• [Exercise goal]: All lines from the one that contains "Zdjęcie produktu Jeansy" to the end of the data must be retyped exactly. Pictures are not retyped.

### Dataset content

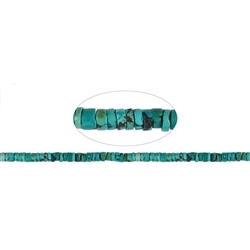 141550409020 Rang de collier "Heishi", Turquoise (stab.), 02-05 x 08mm (39cm) | Marco Schreier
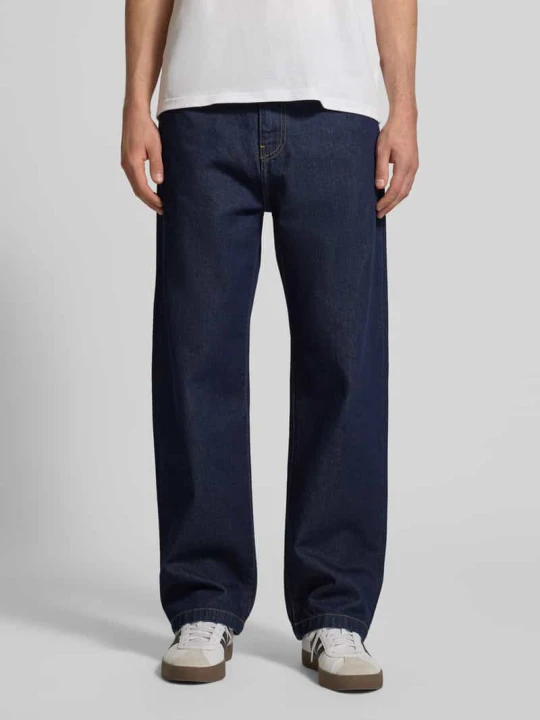 Zdjęcie produktu Jeansy o kroju relaxed fit z wpuszczanymi kieszeniami model 'Landon Pant Robertson' Carhartt WIP Niebieski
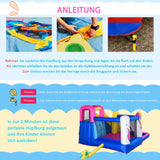 Einhorn-Hüpfburg mit Wasserpark – der Traum aller Kinder!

######

• [Solution to the exercise]:
 Zdjęcie produktu Jeansy o kroju relaxed fit z wpuszczanymi kieszeniami model 'Landon Pant Robertson' Carhartt WIP Niebieski
 Einhorn-Hüpfburg mit Wasserpark – der Traum aller Kinder!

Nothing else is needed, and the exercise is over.